__Provided data__
+++
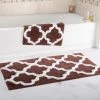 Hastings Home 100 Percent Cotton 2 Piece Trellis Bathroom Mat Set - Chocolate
+++
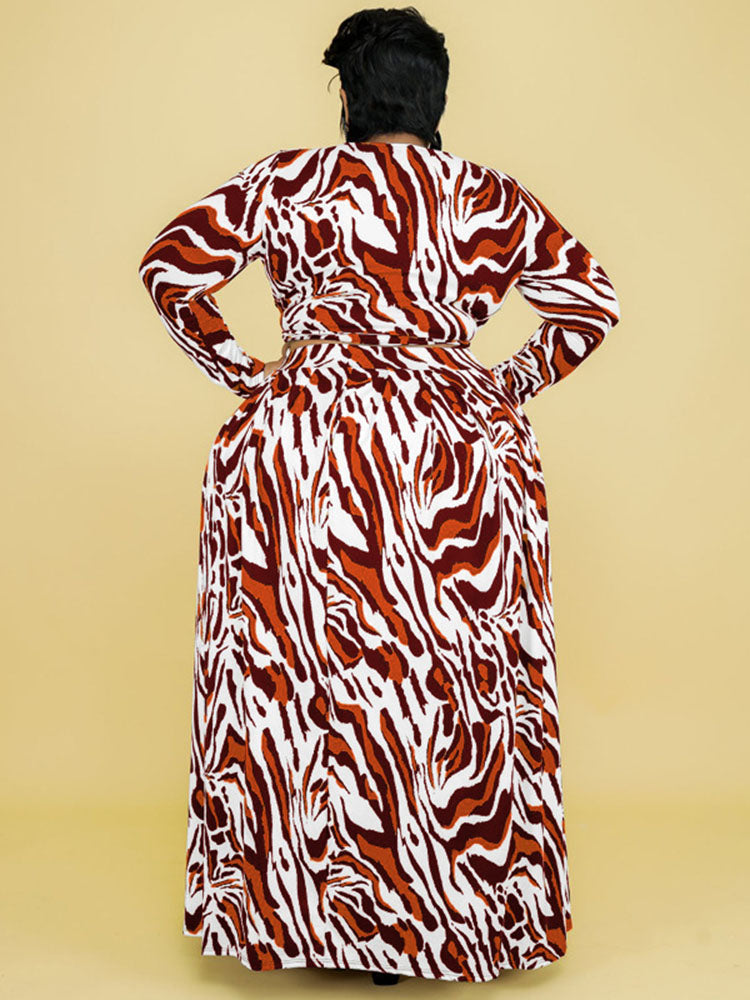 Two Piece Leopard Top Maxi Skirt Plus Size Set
+++
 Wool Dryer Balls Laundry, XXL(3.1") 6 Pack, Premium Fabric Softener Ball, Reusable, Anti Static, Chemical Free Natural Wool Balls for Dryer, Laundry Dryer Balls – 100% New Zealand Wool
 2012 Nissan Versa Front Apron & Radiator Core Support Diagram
+++
__Aim of the task__
Retype only the stretch of lines above starting at the one with "Wool Dryer Balls" and stopping at the one with "2012 Nissan Versa", exactly as written, with both kept.

__Written answer__
 Wool Dryer Balls Laundry, XXL(3.1") 6 Pack, Premium Fabric Softener Ball, Reusable, Anti Static, Chemical Free Natural Wool Balls for Dryer, Laundry Dryer Balls – 100% New Zealand Wool
 2012 Nissan Versa Front Apron & Radiator Core Support Diagram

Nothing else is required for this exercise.